Cependant, à force de préoccupations diverses et variées, le couple s’est éloigné et Steve a commis un faux pas irréparable : il a trompé Gretchen.
Or, plutôt que de foncer manu militari chez un avocat pour signer le divorce, le couple opte pour une thérapie conjugale auprès de Sandy : un signe évident d’une démarche salvatrice ?
« Bon sang, vous êtes séparés, vous êtes en train de décider de ce qu’il va advenir de la plus importante relation de votre existence, de vous demander si vous allez ou non reprendre la vie commune. Cela aura des conséquences sur la vie entière de vos enfants. Et vous ne parvenez pas à vous dire franchement ce qui se passe ? Vous ne pourrez jamais prendre de décisions avec la lucidité nécessaire si vous êtes incapables de vous parler. » (p.112-113)
« Tout ce que je peux faire, c’est leur apprendre à créer et à maintenir une relation qui ait un sens. » (p.213)
Dans un quasi huis-clos narratif, puisque tout se passe dans le cabinet de Sandy, Steve et Gretchen s’affrontent : la colère, les ressentiments et les reproches saturent l’espace. L’incompréhension (ou le refus de comprendre ?) affleure régulièrement. Mais, de chapitre en chapitre (de séance en séance), le couple se dévoile, se confie, avance de deux pas, recule d’un pas, fait fausse route, repart, aiguillé par les questions de Sandy.
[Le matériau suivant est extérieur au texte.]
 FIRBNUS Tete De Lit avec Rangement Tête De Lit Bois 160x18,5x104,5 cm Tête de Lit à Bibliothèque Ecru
« Steve s’investissait toujours et Gretchen conservait une option. Ils avaient tant à apprendre pour réussir à se parler d’amour, pensa Sandy. Mais au moins, ils essayaient. » (p.129)
« Elle voulait qu’il leur paraisse tout à fait normal, à tous les deux, d’aborder les sujets les plus intimes en sa présence, ici, dans cette pièce où elle devenait cette petite machine capable de traduire ce qu’ils disaient en ce qu’ils voulaient dire. » (p.163)
A ses côtés (peut-il en être autrement ?), le lecteur, témoin silencieux de ces joutes plus ou moins acerbes, doit s’efforcer d’être neutre, de ne pas prendre parti : difficile de ne pas juger et de ne pas pencher pour l’un ou pour l’autre !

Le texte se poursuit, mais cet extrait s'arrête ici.